The other case involved a 53 year old man with a serious heart condition who'd been sent for one of these much loathed 'Work Capability Assessments', currently being carried out Atos Healthcare Ltd for the Department for Work & Pensions. He'd only won an appeal nine months earlier against disallowance of his benefits when he was sent again and 'thrown -off' as they say having been 'found fit for work'. Three weeks later he died from a massive heart attack. His son and brother, overcome with emotion and anger, spoke to me about why they think the stress of it all killed their beloved father and brother and said they dismissed his heart condition and instead concentrated on a bad knee which he also suffered from. There's a national campaign calling for changes to the WCA, seen as a poitically driven cost-saving measure to drive people off the more costly disability benefits at a time there are no jobs and the labour market shows a paucity of vacancies with up to 30 or 40 people chasing every vacancy in many of our towns and cities.

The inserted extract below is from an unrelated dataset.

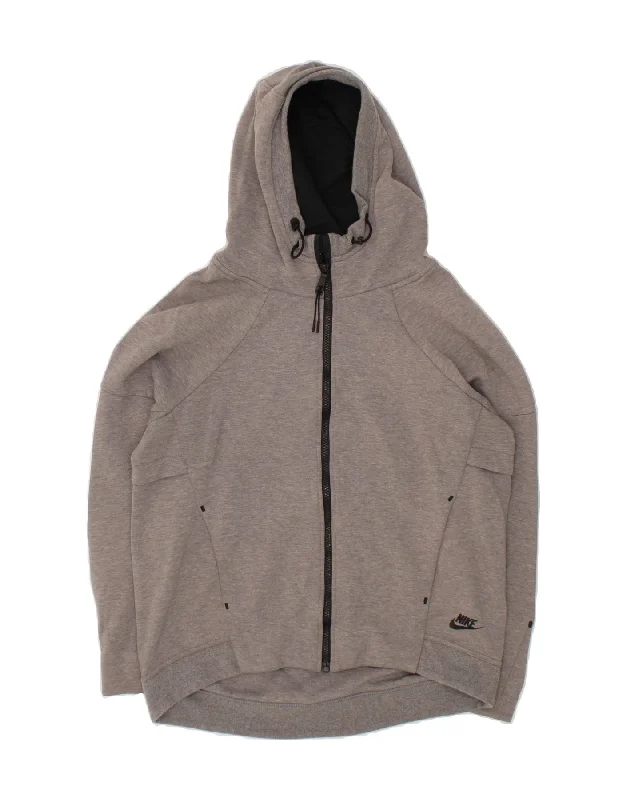 NIKE Womens Zip Hoodie Sweater UK 14 Medium Grey Polyester Solid Print Embellished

Yesterday, I was out for the regular after 0900 phone on the breakfast show in Sheffield City Centre on the big topic of cuts to council budgets. Sheffield City Council has to save £55 million this year and plans on shedding 550 jobs. My job is to persuade people with an opinion to come to the satvan , don the headphones and speak 'live' to me and Toby Foster (the presenter) during the debate. The number of times you get a lively, volubale, opinionated person who clams up or ends up talking like a sparrow when they go 'on air' is amazing.
Regardless, we did get some great contributions and Unison the council trade union sent a rep up which resulted in a great 'barney' with Toby, about paid full-time officials still getting their council salaries whilst on union business.
Luckily, he gave as a good as he got and took it in good humour ! Unlike some we get on, where Toby plays devil's advocate with a position he takes (and doesn't really support but takes it just to wind the guest up !) and ends up in a full scale row with them.
Tommorow, I'm on the early Saturday breakfast shift (0600-1400) and planning to visit a tremendous youth project in Hickleton near Thurnscoe which used to be my old stomping ground when I was a welfare rights worker. Then it's onto Doncaster where I'll drop in on the World's biggest Model Railway Festival and then to the fabulous Doncaster Minster where the new Bishop and Archdeacon are being welcomed to the town by the parishioners. Doncaster really should be a City, given its size and to call it a town doesn't do it justice.